*EXERCISE DETAILS*:
No pictures belong in the copy, but every line of the material below must be reproduced exactly.

*DATA SEGMENT*:
▬▬▬▬▬▬

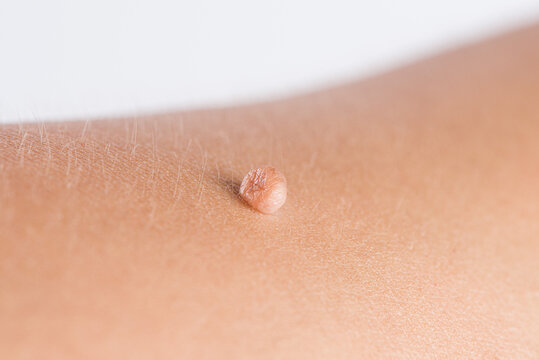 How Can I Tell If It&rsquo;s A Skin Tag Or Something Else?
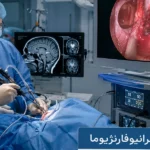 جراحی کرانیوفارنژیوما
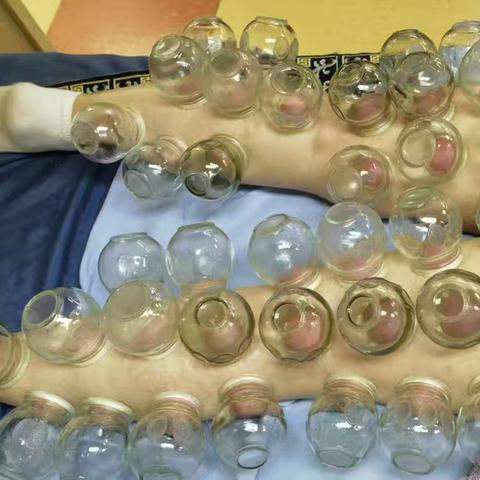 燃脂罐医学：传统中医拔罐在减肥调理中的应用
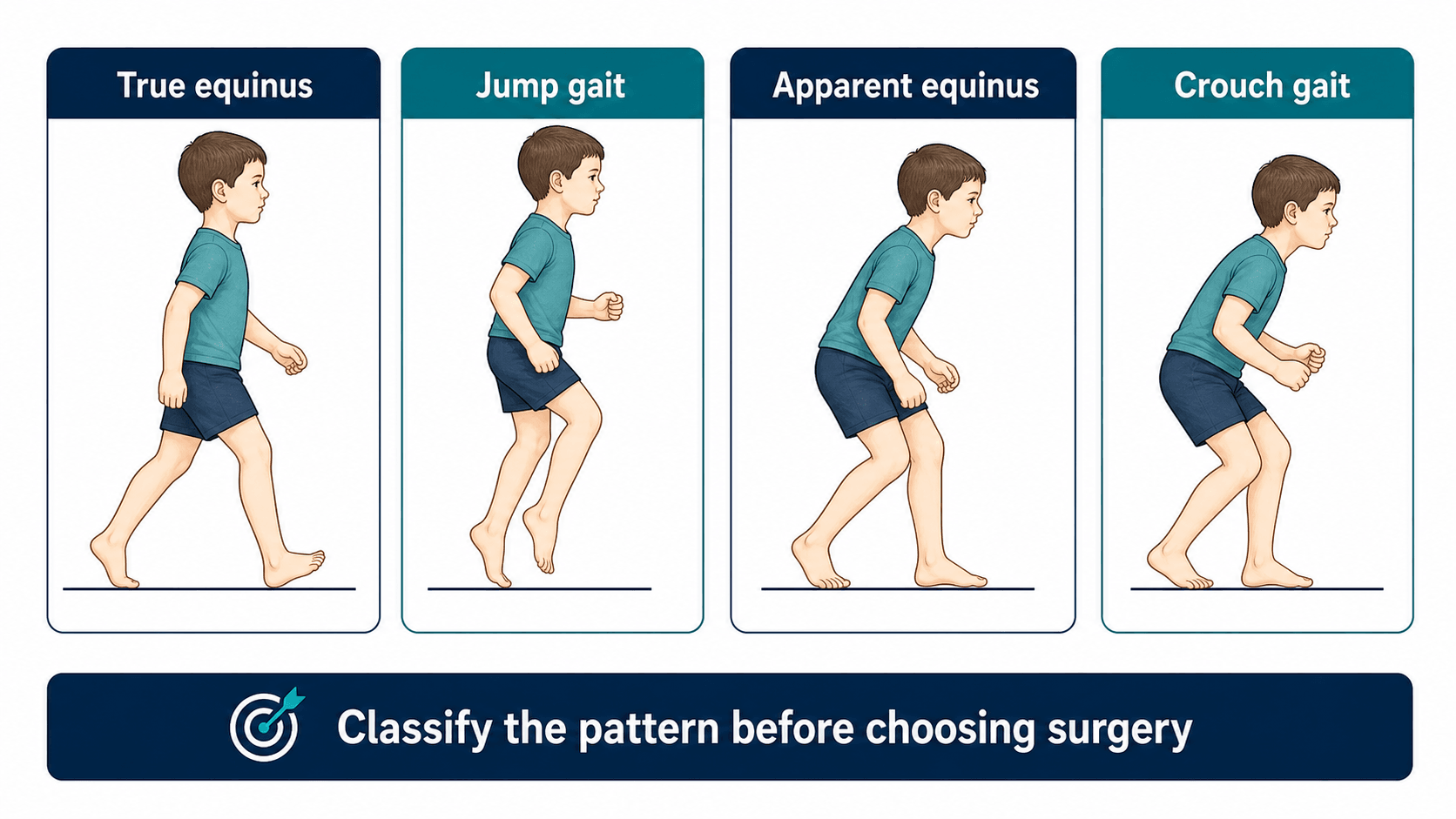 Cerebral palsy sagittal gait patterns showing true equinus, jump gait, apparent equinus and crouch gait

▬▬▬▬▬▬

*RESPONSE*:
 How Can I Tell If It&rsquo;s A Skin Tag Or Something Else?
 جراحی کرانیوفارنژیوما
 燃脂罐医学：传统中医拔罐在减肥调理中的应用
 Cerebral palsy sagittal gait patterns showing true equinus, jump gait, apparent equinus and crouch gait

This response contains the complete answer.